I was lost, the only explanation was that what I was hearing was delusion, had he imagined it all. He'd built a machine, it didn't work, smashed it out of frustration, and this delusion was how he justified it all to himself. Yes, that must be it, it was all just some kind of break down. Now I was looking for a way out. And almost without thinking I found I was standing. "I should leave." I said.

He laughed that cynical laugh again, "Yes perhaps you should," he said, adding, "Truth is always hard to hear."

"I'm so sorry," I said.

"Don't be," he replied, "I would rather know the truth."

I opened the door, I don't know why but before I left, I asked, "Why did you destroy the machine? "

"Because when I came to thinking of destroying this man who had failed to live up to my expectations and running to hide in history, I knew how much of history I could change, I knew beyond a doubt I could change everything that happened from that moment on. No speculation about a small action having a big result in a thousand years. Everything would change. And I knew who god was at that moment, and it wasn't the man in front of me that I wanted to kill a moment before."

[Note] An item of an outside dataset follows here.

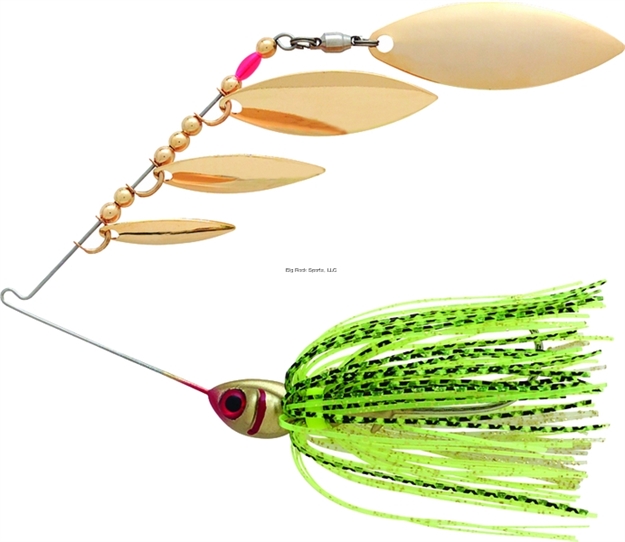 Picture of Booyah Super Shad Quad Blade Spinnerbait, 3/8 Oz, Chartreuse Gold Shiner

I looked at him, convinced he was insane, not speaking.

He smiled at me, "and no man should truly have the power of God in his hands, not him, and not me, so when I returned I smashed the machine utterly."

"Goodbye" I said.

"Goodbye" he replied, "Thank you for hearing my story, even if you don't believe it, it was good to tell someone at least."

"I will pray for you." I said.

"I know," he paused before adding, "but you really shouldn't waste your effort."

I left the cabin closing the door behind me, I had walked for half an hour down the mountain before I realised I was still carrying the odd wooden coffee cup. I thought of taking it back, but half an hour downhill was a good hour or more going up. I'd return it to his mother's house. I'my sure that if he could make one he could make another, and he had drunk his own coffee from a similar one.